Suele ocurrir, desgraciadamente, que un hombre se atrinchere en su casa con una escopeta para impedir ser arrojado a la calle con toda su familia por una cuestión de deudas impagadas. Ese hombre es sin duda un loco. Los cuerdos se dejan avasallar sin decir ni pío.
El DIALOGO entre el poder y los cuerpos sociales, tan cacareado por los mantenedores del orden, debería evolucionar. En vez de ser preconizado porque siempre ha sido lo que mejor ha preservado sus intereses, pues ha demostrado mil veces que sólo ha servido para perpetuar privilegios, nunca para destruirlos, para dar título vitalicio a lo absurdo, nunca para crear una forma más racional de existencia, tendrá que ser un día verdadero diálogo, no IMPOSICION.
Pero aún así, es muy posible que el DIALOGO no sea siempre suficiente en la lucha contra la injusticia, para ello sería necesario demostrar primero, cosa que queda por ver, que las formas y medios pasivos de protesta pueden algún día ser eficaces.
La fuerza unida a la inteligencia podría ser un arma decisiva. El filósofo español José Ortega y Gasset decía en su España invertebrada:
La sugestión moral y la imposición material van íntimamente fundidas en todo acto de imperar. Yo siento mucho no coincidir con el pacifismo contemporáneo en su antipatía hacia la fuerza: sin ella no habría nada de lo que más nos importa en el pasado, y si la excluimos del porvenir solo podremos imaginar una humanidad caótica. Pero también es cierto que con sólo la fuerza no se ha hecho nunca cosa que merezca la pena.
Estas palabras iban al encuentro de las del filósofo francés Augusto Comte, quien ya se preguntaba en su Filosofía positiva:
Si el hombre, como individuo, tiene la facultad de sumar, en su trabajo, su inteligencia y sus músculos, ¿por que no puede ocurrir lo mismo en el grupo, de amplitud que sea. en la prosecución de un ideal revolucionario?
Hay hombres, también grupos, desvinculados entre sí, es cierto, que recurren al pensamiento, pero también a la acción como ejemplo y manifestación permanente de la voluntad del individuo a no dejarse eliminar como tal.

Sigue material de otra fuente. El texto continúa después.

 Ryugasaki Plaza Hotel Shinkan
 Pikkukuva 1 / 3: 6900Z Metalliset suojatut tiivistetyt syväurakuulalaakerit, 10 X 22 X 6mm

Estos hombres no están ligados por ningún credo. Obedecen a motivaciones auténticamente humanas para conquistar activamente el derecho a la crítica, para exigir no una mayor justicia, que siempre será injusticia, sino la auténtica, la IGUAL PARA TODOS.
No sabemos cómo será la sociedad del mañana. En los vaticinios de los futurólogos no interviene todavía la noción de rebeldía de los más, que es lo que podría trastocar sus anticipaciones. El mañana que se prepara está simplemente cimentado en la resignación del hombre, en el sometimiento a la autoridad. Si estas previsiones tuvieran algún sentido, lo mejor que podría deducirse es que EL MAÑANA NO EXISTIRÁ.
Publicado en Polémica, n.º 35-36, diciembre 1989.